Impact of Reinventing the Wheel
Choosing to build instead of buy or borrow has long-term costs. Effects include:
- Slower time to market due to duplicated effort
- Increased maintenance overhead for internal tools
- Reduced feature richness compared to mature external offerings
- Missed opportunities to learn from broader ecosystems
Internal focus should accelerate delivery and impact, not isolate teams from proven solutions.
Warning Signs of NIH Behavior
This anti-pattern tends to emerge in platform decisions and architectural choices. Watch for:
- Teams dismissing tools or patterns with “we’ll just build our own”
- Critical systems maintained internally despite available alternatives
- Poorly documented or rarely updated internal tooling
- Engineers unaware of standard approaches to common problems
If every system is bespoke, collaboration and onboarding suffer.
Metrics to Detect Not Invented Here
These minware metrics can signal inefficiencies caused by duplicating existing functionality:
Metric | Signal |
---|---|
Cycle Time | Long delivery timelines suggest internal build efforts are slowing value delivery. |
Rework Rate | Frequent changes to internal tools reflect design churn or incomplete implementation. |
Work in Progress (WIP) | High concurrent work may indicate duplicated systems or internally scoped efforts that increase delivery load. |
Metrics help highlight where custom tooling is draining focus from core product delivery.
How to Prevent NIH Thinking
Preventing this anti-pattern requires cultural humility and outcome-driven decision-making.

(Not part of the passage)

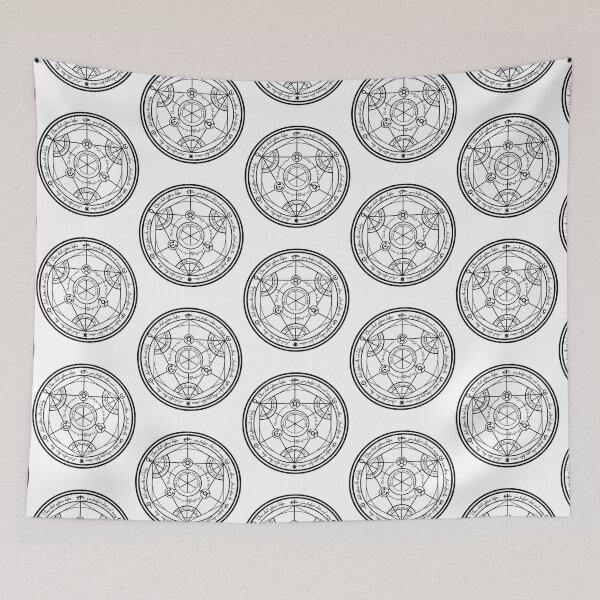 Item preview, Fusion Fullmetal Alchemist                  designed and sold by ButtonBlinks.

Recommended practices include:
- Evaluate build vs. buy tradeoffs for every platform-level decision
- Reward teams for delivery outcomes rather than architectural ownership
- Include maintenance and support burden in planning decisions
- Normalize use of third-party solutions and open source adoption
Smart teams borrow proven solutions so they can focus on building where it matters.
How to Phase Out Unnecessary Internal Systems
If NIH behavior is already embedded in your team:
- Inventory internally owned systems and assess external alternatives
- Migrate low-value custom tools to standard solutions with wide support
- Redirect team bandwidth to product-facing problems, not infrastructure reinvention
- Share examples of successful integration efforts to rebuild confidence in reuse
Building everything in-house may feel empowering, but it limits how fast and far teams can go.